Here is a test piece of JSON for you. It lists a couple of (made-up) courses with some data about each course:

[
    {
      "name"  : "Saving the World 101",
      "start-date": "Jan 01 2012 12:00:00 +0000 2012",
      "participants"  : 25,
    },
    {
      "name"  : "Advanced Superhero Costume Design",
      "start-date": "Feb 02 2012 12:00:00 +0000 2012",
      "participants"  : 12,
    }
]   

When your program first receives the JSON data, it will be formatted as a string. It won't look quite as pretty, but rather more like so:

'[{ "name":"Saving the World 101","start-date":"Jan 01 2012 12:00:00 +0000 2012","participants":25},{"name":"Advanced Superhero Costume Design","start-date": "Feb 02 2012 12:00:00 +0000 2012","participants" : 12}]'

JSON is formatted as a string because every language has a string data type. Using a string means that JSON-formatted data is inter-operable with any language. Each language has a library or module that you can use to work with JSON. Those libraries convert the JSON-formatted string into native data types of that language. 

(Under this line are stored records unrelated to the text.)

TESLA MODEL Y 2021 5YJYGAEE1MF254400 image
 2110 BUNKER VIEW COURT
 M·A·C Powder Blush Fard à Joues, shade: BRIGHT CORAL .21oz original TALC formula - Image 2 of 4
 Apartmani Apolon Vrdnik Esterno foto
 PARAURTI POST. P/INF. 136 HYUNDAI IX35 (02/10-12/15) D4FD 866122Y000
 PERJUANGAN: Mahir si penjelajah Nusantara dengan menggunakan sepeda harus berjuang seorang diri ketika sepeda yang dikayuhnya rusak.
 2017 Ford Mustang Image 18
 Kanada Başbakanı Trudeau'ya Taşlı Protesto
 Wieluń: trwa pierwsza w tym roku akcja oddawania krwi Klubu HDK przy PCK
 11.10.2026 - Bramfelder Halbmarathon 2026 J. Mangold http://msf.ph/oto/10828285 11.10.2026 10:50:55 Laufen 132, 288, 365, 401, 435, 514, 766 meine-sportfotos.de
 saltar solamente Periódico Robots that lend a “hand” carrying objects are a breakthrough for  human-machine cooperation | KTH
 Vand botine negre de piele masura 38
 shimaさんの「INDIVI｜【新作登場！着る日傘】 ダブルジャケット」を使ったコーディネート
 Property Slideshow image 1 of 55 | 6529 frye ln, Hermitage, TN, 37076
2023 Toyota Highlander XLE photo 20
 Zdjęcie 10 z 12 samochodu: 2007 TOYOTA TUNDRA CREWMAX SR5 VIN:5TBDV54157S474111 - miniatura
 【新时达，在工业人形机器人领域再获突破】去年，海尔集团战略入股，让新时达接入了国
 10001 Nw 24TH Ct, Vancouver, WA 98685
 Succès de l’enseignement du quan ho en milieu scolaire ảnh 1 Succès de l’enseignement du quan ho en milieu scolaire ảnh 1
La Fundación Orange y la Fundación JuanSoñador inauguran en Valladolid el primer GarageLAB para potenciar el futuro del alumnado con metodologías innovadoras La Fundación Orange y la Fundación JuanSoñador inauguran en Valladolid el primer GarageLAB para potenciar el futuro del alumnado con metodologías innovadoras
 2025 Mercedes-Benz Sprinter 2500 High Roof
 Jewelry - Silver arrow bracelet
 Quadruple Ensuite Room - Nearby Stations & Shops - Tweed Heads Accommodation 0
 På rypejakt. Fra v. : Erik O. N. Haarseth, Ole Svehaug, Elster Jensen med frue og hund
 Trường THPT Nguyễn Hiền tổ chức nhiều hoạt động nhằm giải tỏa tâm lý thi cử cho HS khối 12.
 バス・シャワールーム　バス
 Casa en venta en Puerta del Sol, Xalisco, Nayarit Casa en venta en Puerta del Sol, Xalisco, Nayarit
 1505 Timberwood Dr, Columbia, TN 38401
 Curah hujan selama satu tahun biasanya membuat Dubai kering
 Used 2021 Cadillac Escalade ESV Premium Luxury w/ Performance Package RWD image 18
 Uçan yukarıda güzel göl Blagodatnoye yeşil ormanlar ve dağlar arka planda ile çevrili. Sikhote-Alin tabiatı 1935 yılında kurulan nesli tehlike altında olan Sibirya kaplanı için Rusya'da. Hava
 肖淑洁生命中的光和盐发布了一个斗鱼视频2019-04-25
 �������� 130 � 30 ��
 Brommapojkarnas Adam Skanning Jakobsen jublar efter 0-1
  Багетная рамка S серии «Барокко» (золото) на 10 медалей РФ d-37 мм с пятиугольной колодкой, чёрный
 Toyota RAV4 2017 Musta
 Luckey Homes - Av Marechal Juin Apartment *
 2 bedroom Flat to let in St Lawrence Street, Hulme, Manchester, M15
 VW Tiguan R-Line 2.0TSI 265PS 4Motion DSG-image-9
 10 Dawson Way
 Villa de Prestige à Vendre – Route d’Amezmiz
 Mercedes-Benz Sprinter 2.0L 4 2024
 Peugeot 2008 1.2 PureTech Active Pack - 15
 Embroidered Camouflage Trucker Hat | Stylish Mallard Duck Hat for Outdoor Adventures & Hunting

To process this bit of JSON, you will need to create a variable and set it equal to the JSON string above. For example, in both Ruby and Python this would look like (note the single quotes surrounding the string):

js = '[{ "name":"Saving the World 101","start-date":"Jan 01 2012 12:00:00 +0000 2012","participants":25},{"name":"Advanced Superhero Costume Design","start-date": "Feb 02 2012 12:00:00 +0000 2012","participants" : 12}]'

Find the JSON-specific function call in your language of choice that takes a string as its argument and returns language-specififc data objects like lists and hashes. Here's a hint to get you started: in Python, tell the interpreter you want to use the JSON module by typing import json . In Ruby, you will want to type require 'json'  (including the single quotes around the word json).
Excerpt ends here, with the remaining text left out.